The family helped to underpin the
preservation of the natural moral order, at least in part, before the Incarnation,
and, since Christ's Birth, Life, Passion, Death and Resurrection, has acted to
preserve true civilisation and the Faith through the decadence of a
disintegrating Roman Empire and the turbulence that followed its dismemberment. Monasteries are rightly credited with the
salvation of true culture and society – but without Catholic families the
monasteries would not just have been empty – they would not have existed at
all.
As he saw it, only the family, and particularly the
Catholic family, can provide the necessary foundation for a re-birth of natural
moral law and for the re-baptism of a society fit to have Christ as its
King. The Nazareth Measure is
vital to help build a country of saints, of holy fathers and holy mothers and
children who wish to grow up to serve God in Truth and in Charity. When it is lost to sight or to understanding,
the family will fail and true society and culture will fall. When it is kept at the forefront of mind and
action it will restore the family to its primacy of honour in the servant
State.
Father McNabb knew the importance of the strength
that he had derived from his natural family, and the strength that he daily
drew from his new spiritual family, his Dominican community. He always stressed that what changed when he
“moved” from his natural family to his supernatural family were not the virtues
he pursued but the vows he had taken. He
was keenly aware of the need for lay people to be inspired amidst the many
snares of the modern world to pursue heroic virtue, to imitate the evangelical
counsels so far as their duties of state permitted. In his book, Old Principles and the New
Order, he writes about charity, poverty, and obedience:
“[E]ven Catholics have sometimes come to think
that the three virtues behind these religious vows were only for religious,
whereas the three virtues are binding upon all individuals, and in some
measure, upon that grouping of individuals... which we moderns...confusedly
call the State’.”
On one level what Father McNabb says here is a
truism – we must all strive to be chaste, poor in spirit, let us say, and
obedient: but upon closer examination Father McNabb is pointing out that these
three virtues should be as much a daily call to arms as they are to the
religious who have professed vows in them.

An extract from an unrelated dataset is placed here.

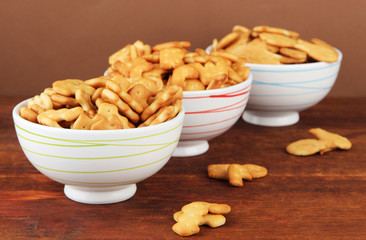 Delicious crackers in bowls on wooden table on brown background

For after all, as Father McNabb said:
“...the religious men or women who have publicly
promised God to keep poverty, chastity, obedience are not thereby bound to more
poverty, more chastity, more obedience than if they had remained as lay-folk in
the world.”
Moreover, Father McNabb added:
“[I]t need hardly be pointed out that the poverty
of work and thrift, the self-control of virginal and conjugal chastity, the
obedience to rulers and to law, are of the greatest social value and need.”
In many articles Father McNabb traced the decadent
and withering effect of the State upon society to its neglect of poverty –
through reckless expenditure, financial mismanagement, usurious practices – to
its neglect of obedience – by going against the natural moral law and the laws
of revealed religion – and to its neglect of chastity – by permitting, even
encouraging, activities that undermined sexual or conjugal morality. Just as every individual should strive to be
poor, chaste, and obedient, so too the State should aim to adhere to these
three cardinal virtues.
One of Father McNabb’s hardest lessons to his own
and to our generation concerns poverty.
To Father McNabb poverty meant having enough for your duties of state
but no more: having no excess, no extravagance, no luxury – always giving, as
Christian charity dictates, to those less fortunate what you yourself or those
for whom you are responsible do not need.

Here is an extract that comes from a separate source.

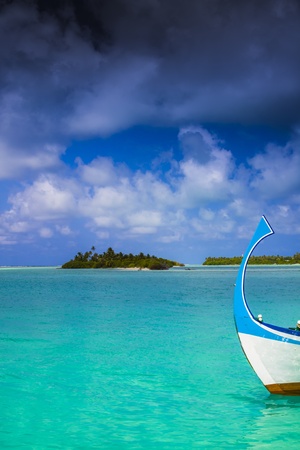 dark clouds over an maldivian island with a boat in front ofの写真素材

(And, indeed, distributive justice under the natural law also requires
this.) Certainly, what constituted
“enough” in Father McNabb’s eyes would be considered as much too little by most
of our contemporaries and even by most of us.
But he was not recommending that we all become mendicants or fall into a
life of helpless wretchedness and pauperism – only that we attempt to be more
self-sufficient, restrict our desires, control our consumption, limit our
needs, and give from any over-abundance we possess.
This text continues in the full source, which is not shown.